Por Miguel de Loyola

Un cuento clásico para ser tratado y estudiado en un taller literario es Una rosa para Emily, del Premio Nóbel norteamericano William Faulkner (1897-1962). La anécdota, aparentemente sencilla, adquiere múltiples dimensiones una vez concluido el relato.

Eso no ocurre en la gran mayoría de los cuentos de autores que si bien denotan oficio, carecen de profundidad para proyectar más allá de los hechos mismos relatados. La particularidad de la narrativa de Faulkner es precisamente esa, y de la buena literatura en general, traspasar los horizontes siempre cerrados de los hechos, de lo meramente anecdótico. La clave, en Faulkner, está en proyectar una situación desde distintas perspectivas, usando para ello una gama ilimitada de narradores. El Nóbel norteamericano, en ese sentido,  hace muy suya la máxima nietzscheana: no hay hechos, hay interpretaciones, dejando de esta manera en completa libertad al lector para que juzgue e interprete por sí mismo.
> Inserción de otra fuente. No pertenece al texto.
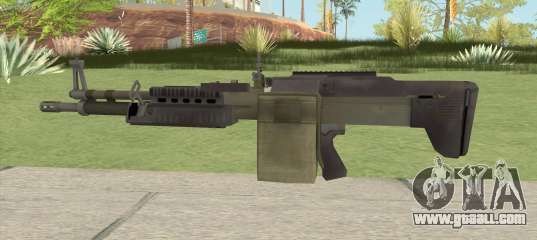 Battlefield 4 M60 for GTA San Andreas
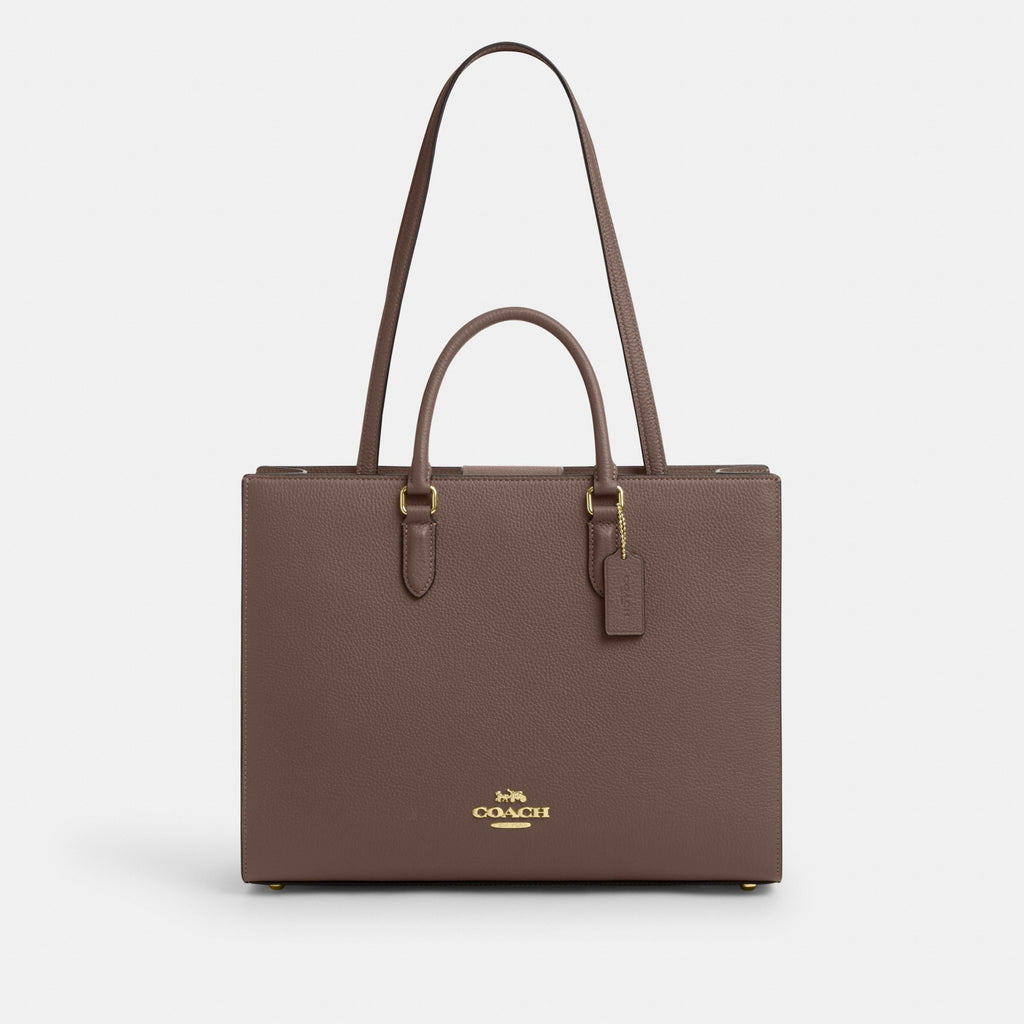 Coach Maggie Tote Bag - Gold/Dark Stone (Women's)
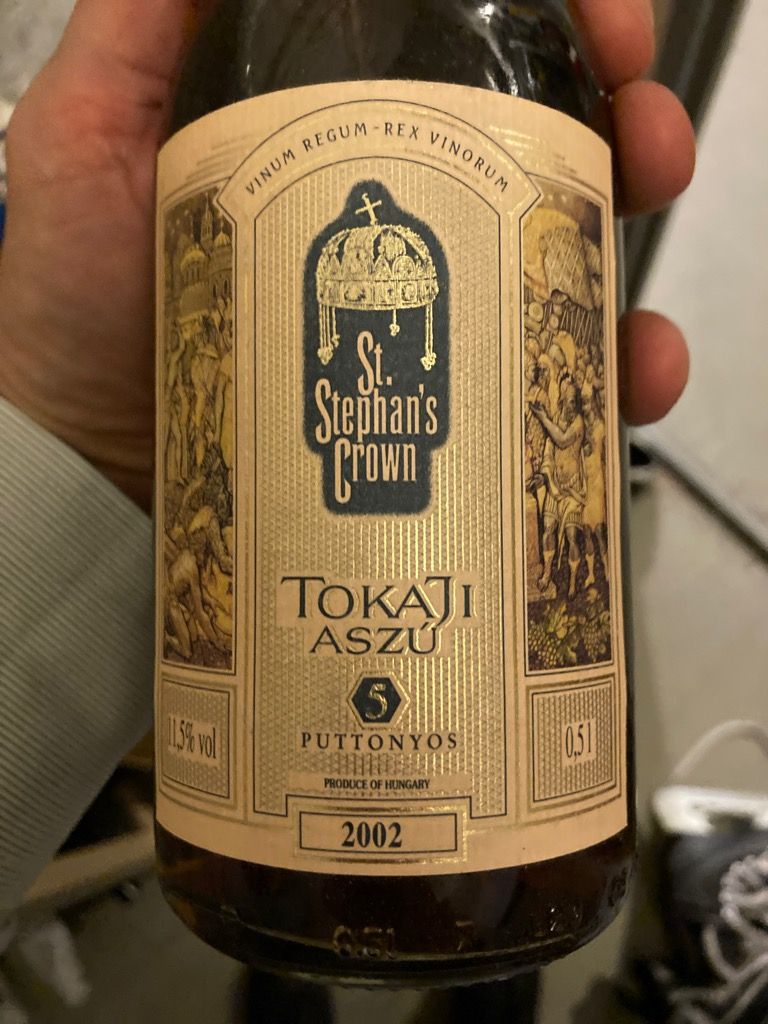 2002 St Stephan s Crown Tokaji Aszú 5 Puttonyos Hungary Tokaji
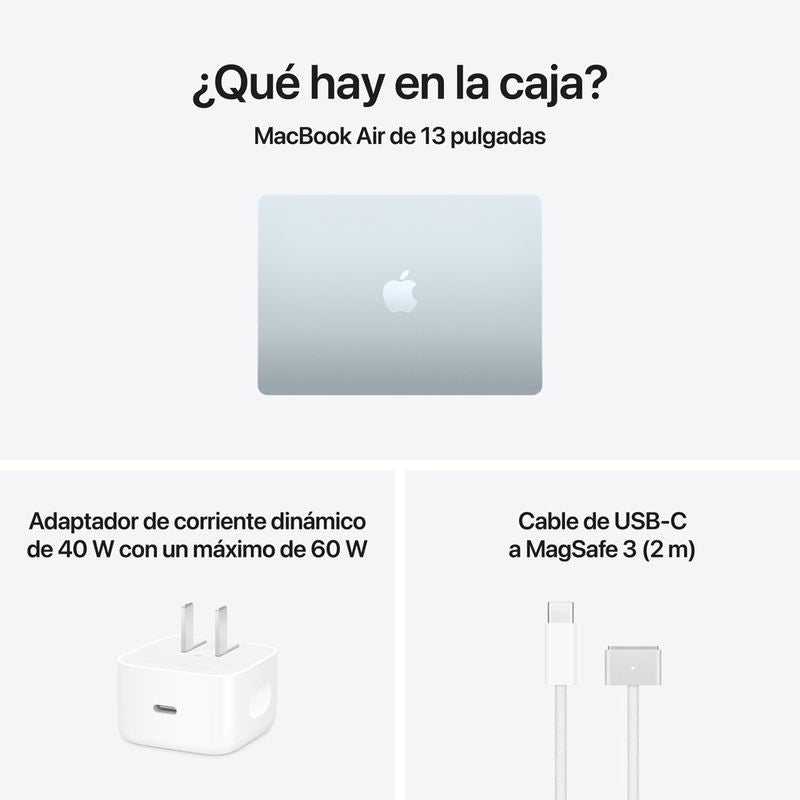 MacBook Air M5 13” 16GB RAM + 512GB (Teclado Ingles) - Sky Blue (2026)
Un cuento clásico se caracteriza fundamentalmente por su estructura formal. Es decir, aquel que se plantea en términos de presentación, clima y desenlace. Es lo primero que podemos constatar En una rosa para Emily. Sin embargo, el narrador -y esta es la particularidad de la narrativa de Faulkner, y de la que se nutrió posteriormente la literatura del llamado boom latinoamericano- adquiere múltiples perspectivas, perspectivas que por cierto escapan al llamado cuento clásico, donde el narrador suele ser uno solo. Así, en el citado cuento, la voz del narrador –de quien cuenta la historia- no es singular, sino plural, se trata de una voz colectiva, concentra la opinión de toda la comunidad de la mítica ciudad de Jefferson. Es decir, quienes cuentan la historia de Emily son sus vecinos, la ciudad completa.  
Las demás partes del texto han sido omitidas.